After a blistering pace in the latter half of 2021, completed deal volume was down markedly in the first half of 2022, while valuations for mid-market companies acquired by private equity groups and other deal sponsors held strong at an average of 7.4x EBITDA.
The 264 active private equity contributors to GF Data on 55 transactions closed in the quarter, meeting our parameters – Total Enterprise Value (TEV) $10-250 million and TEV/Trailing Twelve Months (TTM) Adjusted EBITDA 3-18x.
While volume is down, businesses with above-average financial characteristics continued to account for an increased portion of completed deal activity, with these deals comprising 68 percent of the total compared to a historic norm of 57 percent.
“We continue to hear anecdotal reports that non-bank lenders are reining in debt packages even on highly desirable properties,” said GF Data Founder Andrew T. Greenberg. “If true, this development has not yet had an impact on aggregate debt multiples.” Total debt averaged 4.0x in 2Q, in line with the first quarter and 2021.
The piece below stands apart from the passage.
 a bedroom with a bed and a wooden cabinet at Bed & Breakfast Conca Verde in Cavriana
What is apparent in the numbers is a greater share of generously valued deals being completed as leveraged recaps, rather than as change-of-control transactions. The average multiple for buyouts is generally quite close to the mark for the overall deal universe – not surprising in that this category invariably makes up about 85% of the total.
In the first six months of the year, though, the average multiple for buyouts was 7.2x, compared to 7.4x overall.
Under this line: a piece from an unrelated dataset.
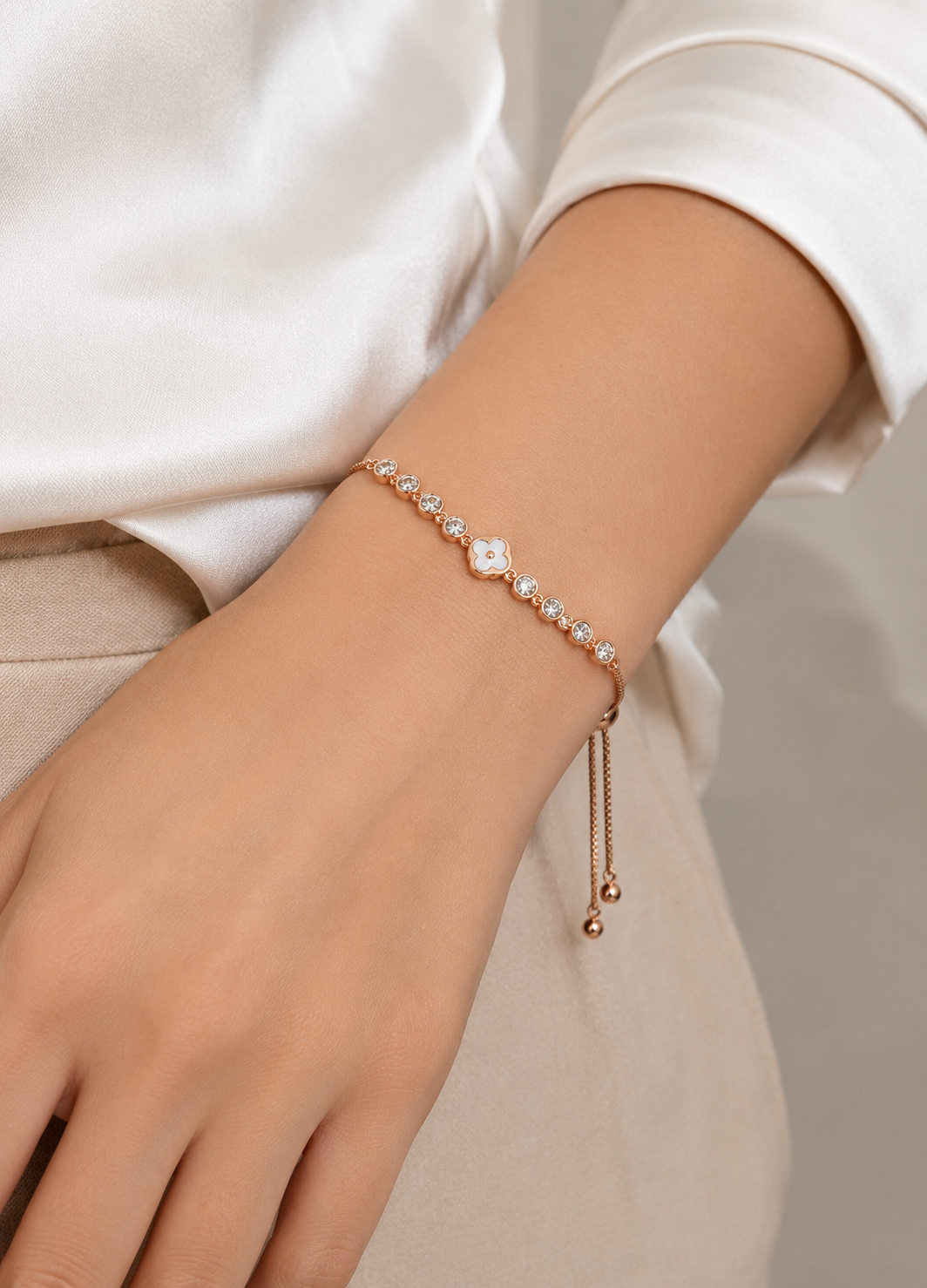 Orelva crystal clover rose gold bracelet worn on a woman's wrist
“This is unusual and suggests that more high-performers are choosing to take chips off the table rather than to substantially exit,” said Bob Dunn, GF Data’s Managing Director.
For larger transactions valued between $250 million and $500 million, GF Data found an average purchase price multiple of 8.9x EBITDA. This is well off the average of 12.0x last quarter – the average of the two periods is likely a better measure than either period individually. GF Data will continue to investigate this new deal size parameter in future reports, eventually incorporating a full analysis of this segment once we have collected enough data.
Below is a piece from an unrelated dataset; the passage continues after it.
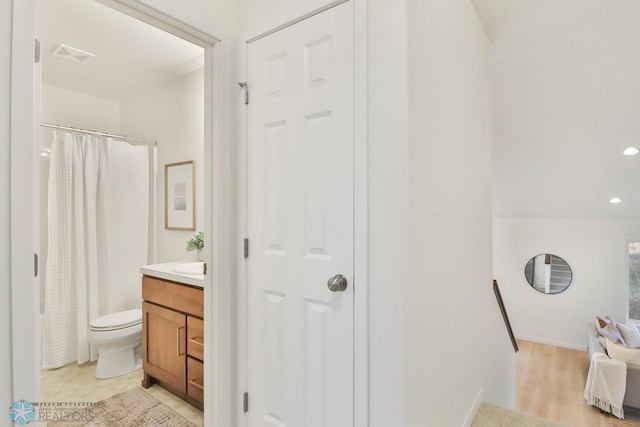 full bath featuring visible vents, toilet, vanity, and a shower with shower curtain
Finally, successive interest rate increases began to bite into leveraged transactions in the second quarter. Average interest on senior debt saw a marked increase in the second quarter for larger deals, jumping more than a percentage point in the $50-100 million and $100-250 million tiers, ending up at 5.3% and 5.7%, respectively.
“Investment headwinds continued in the second quarter from rising inflation and interest rates, geopolitical uncertainty, labor constraints and supply chain issues,” said Patriot Capital Group Managing Partner Charles McCusker. “However, many of the Patriot portfolio CEOs are reporting an easing of input costs, better predictability of the supply chain and more access to quality labor and as a result we expect M&A activity to rebound in the second half of the year.”